Almost everyone who has even a basic level of involvement with accessibility has been told that they must use alt tags on all images. The alt tag is not really a tag; it is an attribute within an image tag. Why is the use of these attributes so important?
Who Is Affected
- Users who are blind or visually impaired need alt tags on images. Users who cannot see the screen and depend on a screen reader will have no way of comprehending an image on the page. Without an alt tag, the screen reader will read the source code and the user who is blind will most likely hear something such as “graphic 42368” or the filename of the image, such as “graphic htrn.png”. The alt tag describes the image or at least states what the image is trying to convey to the person seeing the page. In addition, users of screen magnification may not be able to get a complete view of the image and thus need the alt tag to let them know what the purpose of the image is.
- Some individuals with certain types of cognitive issues cannot understand the purpose of an image on a web page. They can hover the mouse over an image and see the alt tag, and the alt tag can convey to them the purpose of the image and thus greatly enhance their web experience.
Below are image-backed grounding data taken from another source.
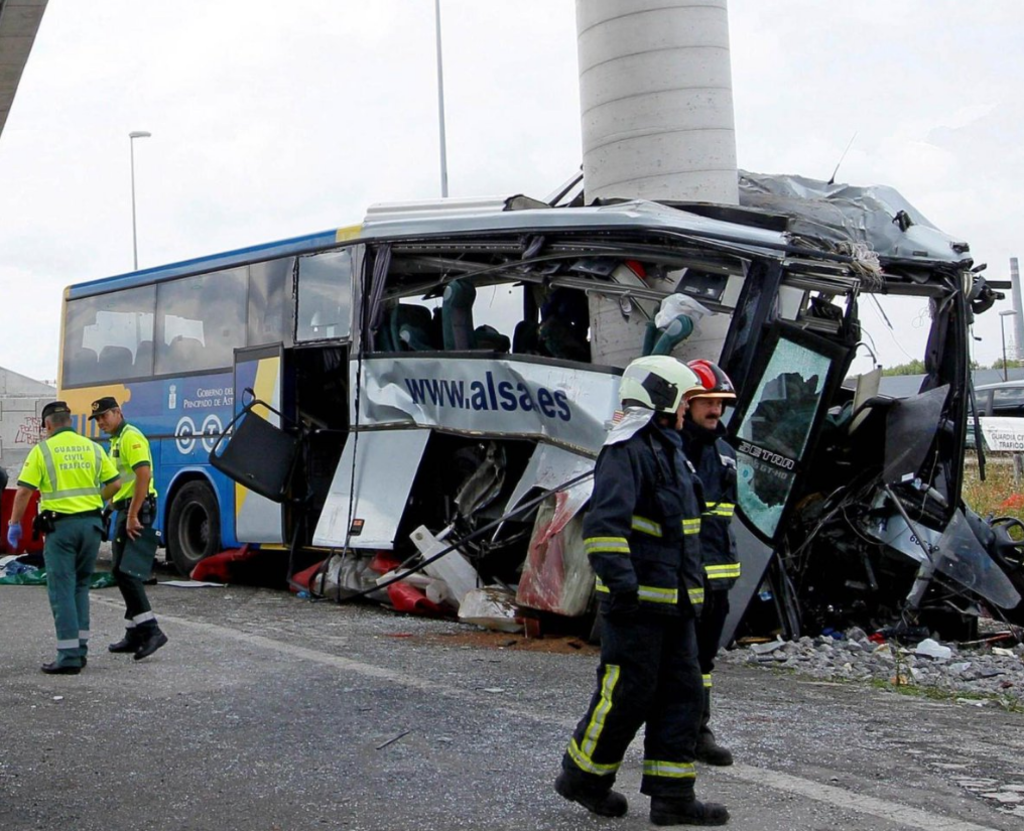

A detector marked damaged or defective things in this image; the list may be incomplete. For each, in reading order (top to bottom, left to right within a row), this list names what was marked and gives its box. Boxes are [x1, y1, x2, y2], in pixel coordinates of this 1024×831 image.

torn metal panel [309, 427, 425, 552]
wrecked bus [58, 175, 1024, 638]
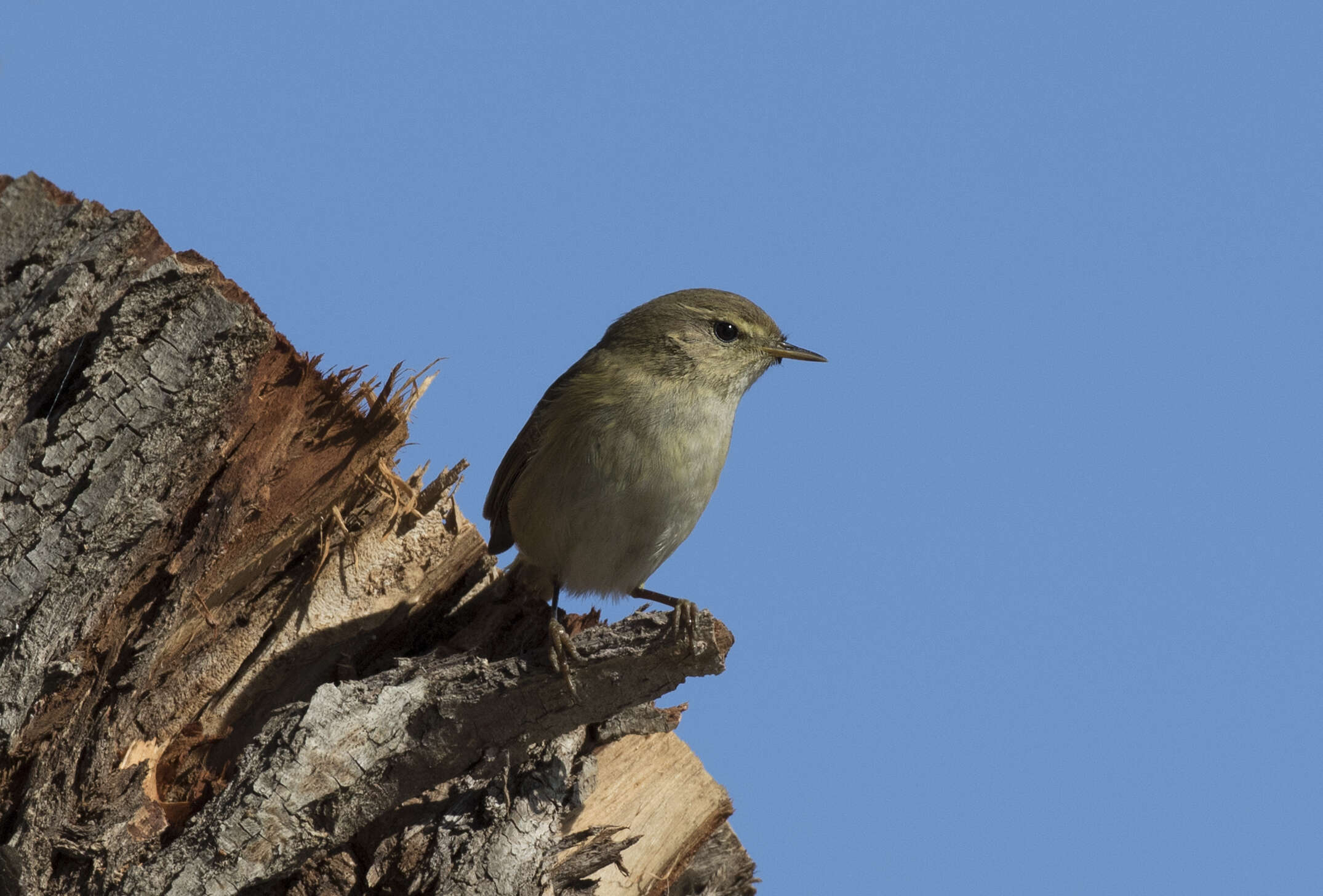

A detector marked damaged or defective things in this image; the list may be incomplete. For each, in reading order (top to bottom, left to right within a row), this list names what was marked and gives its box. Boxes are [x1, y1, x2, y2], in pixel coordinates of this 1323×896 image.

splintered wood [569, 735, 735, 894]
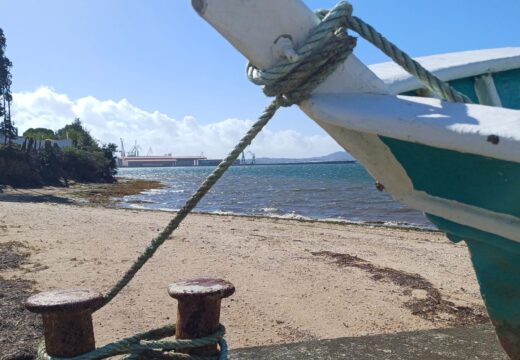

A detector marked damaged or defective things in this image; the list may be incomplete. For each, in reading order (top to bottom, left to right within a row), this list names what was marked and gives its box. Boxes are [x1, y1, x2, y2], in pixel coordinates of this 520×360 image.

rusty metal bollard [25, 286, 103, 358]
rusty metal bollard [169, 278, 236, 356]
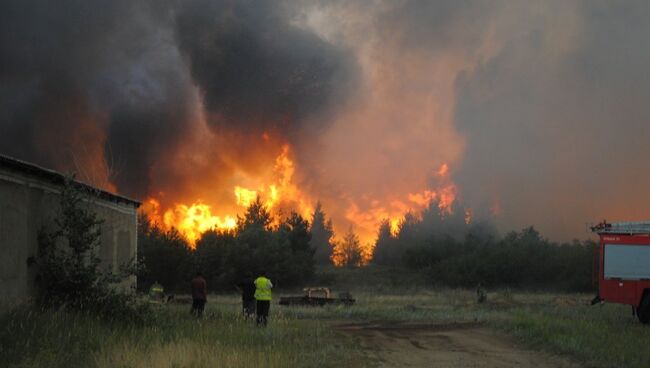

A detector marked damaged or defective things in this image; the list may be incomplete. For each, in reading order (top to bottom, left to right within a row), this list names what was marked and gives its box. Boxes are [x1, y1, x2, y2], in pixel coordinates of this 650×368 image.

rusty vehicle [278, 288, 354, 308]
- Remember that alt tags need to convey the purpose of the image and not necessarily a word-for-word description. So do your best to give essential elements of description while conveying why the image is present.
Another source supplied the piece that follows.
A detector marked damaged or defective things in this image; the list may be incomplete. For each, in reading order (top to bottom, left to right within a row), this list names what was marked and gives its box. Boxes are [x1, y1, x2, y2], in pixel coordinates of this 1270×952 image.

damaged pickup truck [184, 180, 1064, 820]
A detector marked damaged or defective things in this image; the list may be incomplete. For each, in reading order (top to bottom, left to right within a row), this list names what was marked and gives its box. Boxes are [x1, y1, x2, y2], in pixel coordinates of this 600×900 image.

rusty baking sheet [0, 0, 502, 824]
- Keep it brief. If your alt tag needs to be lengthy in order to convey the information the user needs to understand, consider using a long description (longdesc) or giving a detailed description of the image in the text of the page.
- If the image is purely decorative and serves no informational purpose, use a null alt tag <alt="">. Screen readers ignore these null alt tags and the screen reader user will never even know these decorative images exist.